Pursuant to Section 13 or 15(d)

of the Securities Exchange Act of 1934

 

 

September 21, 2018 (September 17, 2018)

Date of Report (Date of earliest event reported)

 

 

DURECT CORPORATION

(Exact name of Registrant as specified in its charter)

 

 

Delaware

 

000-31615

 

94-3297098

(State or other jurisdiction of

incorporation or organization)

 

(Commission

File Number)

 

(I.R.S. Employer

Identification No.)

10260 Bubb Road

Cupertino, CA 95014

(Address of principal executive offices) (Zip code)

(408) 777-1417

(Registrant’s telephone number, including area code)

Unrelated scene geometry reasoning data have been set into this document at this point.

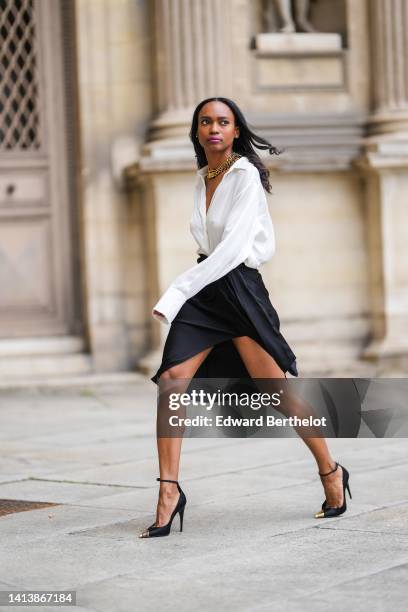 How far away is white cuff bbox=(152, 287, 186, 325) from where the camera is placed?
17.0 feet

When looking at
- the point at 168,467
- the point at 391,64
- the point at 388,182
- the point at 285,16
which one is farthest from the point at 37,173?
the point at 168,467

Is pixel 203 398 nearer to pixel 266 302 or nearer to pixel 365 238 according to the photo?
pixel 266 302

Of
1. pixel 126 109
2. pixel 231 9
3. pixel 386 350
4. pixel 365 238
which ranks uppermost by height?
pixel 231 9

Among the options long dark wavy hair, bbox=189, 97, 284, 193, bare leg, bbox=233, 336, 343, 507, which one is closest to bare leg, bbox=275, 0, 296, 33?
long dark wavy hair, bbox=189, 97, 284, 193

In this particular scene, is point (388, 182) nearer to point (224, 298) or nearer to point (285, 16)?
point (285, 16)

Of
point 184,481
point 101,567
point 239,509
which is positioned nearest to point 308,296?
→ point 184,481

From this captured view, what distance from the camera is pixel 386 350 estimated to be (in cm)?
1162

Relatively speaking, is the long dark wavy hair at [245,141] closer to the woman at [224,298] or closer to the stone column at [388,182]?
the woman at [224,298]

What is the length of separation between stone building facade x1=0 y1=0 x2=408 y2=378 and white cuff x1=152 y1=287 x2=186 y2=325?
20.3ft

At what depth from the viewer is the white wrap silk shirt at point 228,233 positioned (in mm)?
5211

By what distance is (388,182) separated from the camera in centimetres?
1166

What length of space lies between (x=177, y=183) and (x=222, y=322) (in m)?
6.19

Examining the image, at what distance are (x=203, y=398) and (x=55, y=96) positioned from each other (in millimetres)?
7346

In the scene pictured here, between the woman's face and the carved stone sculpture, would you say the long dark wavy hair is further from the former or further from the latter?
the carved stone sculpture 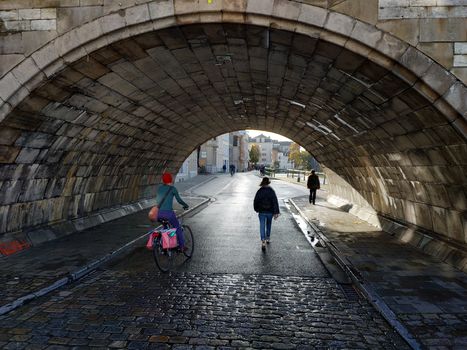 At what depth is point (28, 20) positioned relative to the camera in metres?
6.96

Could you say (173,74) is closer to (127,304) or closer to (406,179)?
(127,304)

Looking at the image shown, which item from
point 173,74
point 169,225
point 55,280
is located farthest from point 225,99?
point 55,280

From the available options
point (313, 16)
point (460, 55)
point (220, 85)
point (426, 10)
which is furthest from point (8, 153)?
point (460, 55)

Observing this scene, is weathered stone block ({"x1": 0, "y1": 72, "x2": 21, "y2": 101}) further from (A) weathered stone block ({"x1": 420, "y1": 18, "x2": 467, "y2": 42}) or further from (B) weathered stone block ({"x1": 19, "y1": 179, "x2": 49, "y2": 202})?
(A) weathered stone block ({"x1": 420, "y1": 18, "x2": 467, "y2": 42})

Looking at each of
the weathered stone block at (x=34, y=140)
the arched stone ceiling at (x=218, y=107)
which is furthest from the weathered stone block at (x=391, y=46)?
the weathered stone block at (x=34, y=140)

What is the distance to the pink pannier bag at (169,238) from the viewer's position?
24.7ft

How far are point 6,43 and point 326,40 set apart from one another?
18.7ft

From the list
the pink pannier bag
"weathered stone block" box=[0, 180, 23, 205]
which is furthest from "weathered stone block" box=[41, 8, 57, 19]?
the pink pannier bag

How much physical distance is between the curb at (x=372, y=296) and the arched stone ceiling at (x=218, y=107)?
240cm

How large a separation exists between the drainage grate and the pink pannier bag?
3.25 meters

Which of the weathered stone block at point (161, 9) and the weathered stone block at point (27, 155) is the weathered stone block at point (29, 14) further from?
the weathered stone block at point (27, 155)

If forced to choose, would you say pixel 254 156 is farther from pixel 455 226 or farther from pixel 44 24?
pixel 44 24

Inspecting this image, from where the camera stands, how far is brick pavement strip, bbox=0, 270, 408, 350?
4.55 meters

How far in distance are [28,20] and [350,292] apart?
24.3 ft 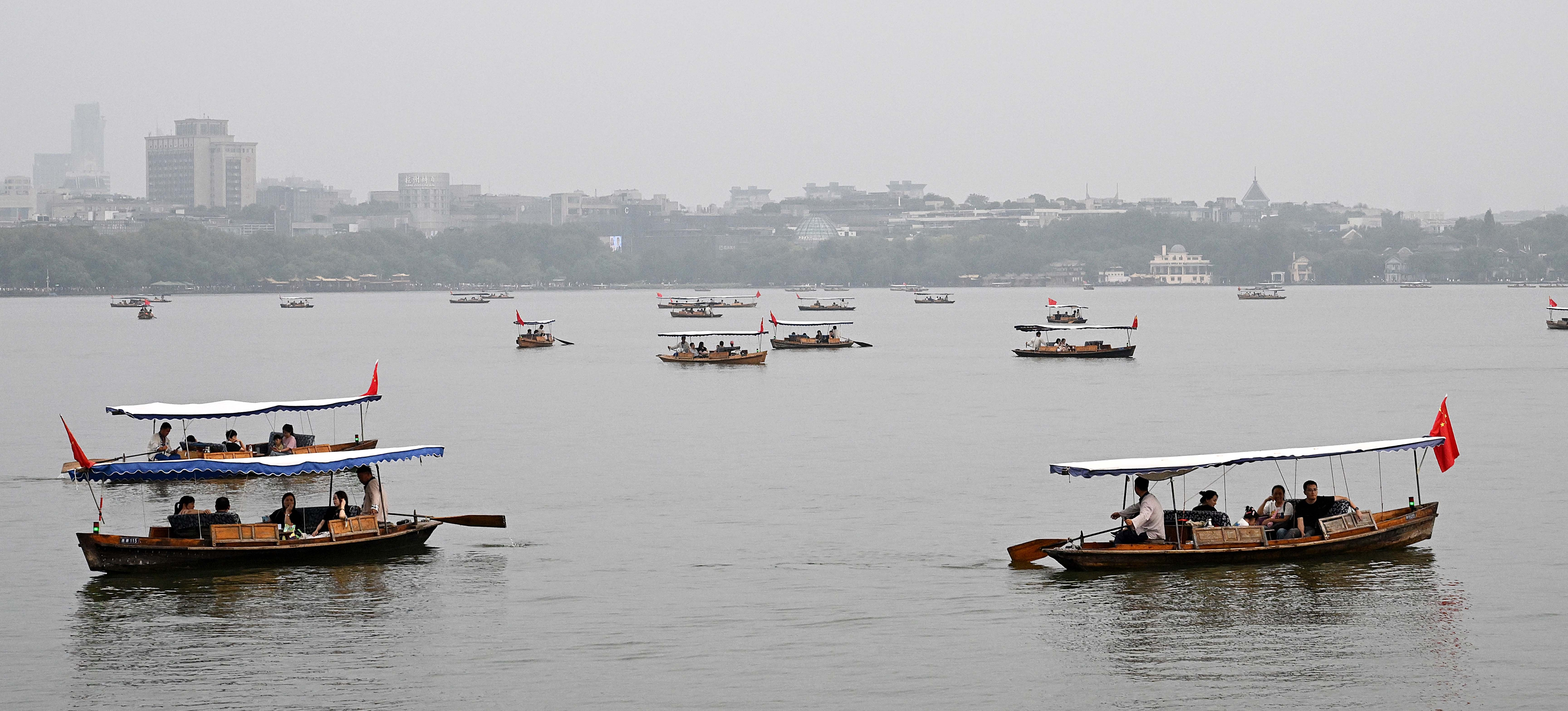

(Former name or former address, if changed since last report)

 

Check the appropriate box below if the Form 8-K filing is intended to simultaneously satisfy the filing obligation of the registrant under any of the following provisions:

Written communications pursuant to Rule 425 under the Securities Act (17 CFR 230.425)

Soliciting material pursuant to Rule 14a-12 under the Exchange Act (17 CFR 240.14a-12)

Pre-commencement communications pursuant to Rule 14d-2(b) under the Exchange Act (17 CFR 240.14d-2(b))

Pre-commencement communications pursuant to Rule 13e-4(c) under the Exchange Act (17 CFR 240.13e-4(c))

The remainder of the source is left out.